1 de junho de 2008

Ensáio - Bancos, Moeda, Ciclos e Processo de Mercado, parte 2

Continuação da Parte 1, mas com alguns conceitos explicados novamente.


Resumindo a idéia principal do primeiro artigo: O processo competitivo no sistema bancário gera uma tendência maior a aproximação da moeda do equilíbrio. E essa tendência acaba por gerar uma expansão na quantidade de fato de moeda em circulação no sistema econômico. O problema é que como um aumento na oferta de moeda não gera uma tendência uniforme sobre o sistema de preços do sistema econômico, mas sim gera uma desproporcionalidade do grau e do momento com que os preços das várias mercadorias são reajustados.


No resto desse texto vou dar uma olhada geral nas possíveis conseqüências desse processo de expansão da quantidade de crédito disponível no sistema financeiro sobre o sistema econômico.


Ciclos de negócios


A teoria Mises-Hayek do ciclo de negócios é baseada na idéia da expansão de crédito como fonte geradora dos ciclos de negócios, que são as flutuações semi-periódicas do grau de coordenação dos planos dos agentes num determinado sistema econômico. A expansão do crédito, através da emissão de moeda no sistema bancário, acaba reduzindo temporariamente os juros e essa redução temporária dos juros para um valor abaixo de seu valor de equilíbrio, acaba descarrilhando a estrutura intertemporal de produção das preferências intertemporais dos consumidores. E todo esse processo acaba com a descoberta desses erros, o que é chamado de crise econômica.

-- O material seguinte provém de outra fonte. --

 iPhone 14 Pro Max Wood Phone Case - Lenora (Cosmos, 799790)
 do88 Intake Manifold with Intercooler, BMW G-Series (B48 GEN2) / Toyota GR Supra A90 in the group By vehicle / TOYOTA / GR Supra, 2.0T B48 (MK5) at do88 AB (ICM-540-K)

Os economistas sabem que o efeito multiplicador bancário pode, hipoteticamente, expandir o crédito. Por exemplo, num sistema monetário baseado no padrão ouro um banco qualquer poderia emitir mais notas do que teria depósitos em ouro por trás dessas notas. Teoricamente, ele poderia emitir uma quantidade infinita de notas. O problema é que ele não poderia expandir de forma sustentada a quantidade de notas, porque os seus clientes iriam descobrir que suas notas não tem ouro por trás e iriam correr para os bancos sacar o ouro. Logo a proporção dos depósitos que é emitida no mercado em forma de notas pelo banco não pode ser muito grande em relação a quantidade de reservas, e geralmente é uma proporção razoavelmente segura, onde o volume de saque dos clientes seja razoável. Segundo Mises, essa proporção não tende a exibir a tendência de se alterar com o tempo. Nesse caso não podemos ter uma expansão duradoura do crédito, e conseqüentemente, não podemos ter uma redução temporária da taxa de juros e assim o ciclo de negócios não emerge. Segundo Mises e a maioria dos seus seguidores, somente com um sistema monetário baseado no papel moeda ou se tivermos um sistema de padrão ouro onde o banco central sirva de seguradora dos outros bancos em momentos de crise, que um processo inflacionário pode emergir e assim podemos ter um ciclo de negócios. Num padrão ouro puro, os bancos não podem expandir crédito se eles tem suas mãos amarradas pelas suas reservas e nenhuma instituição que os salve após uma corrida bancária. Então não teríamos uma expansão contínua de crédito.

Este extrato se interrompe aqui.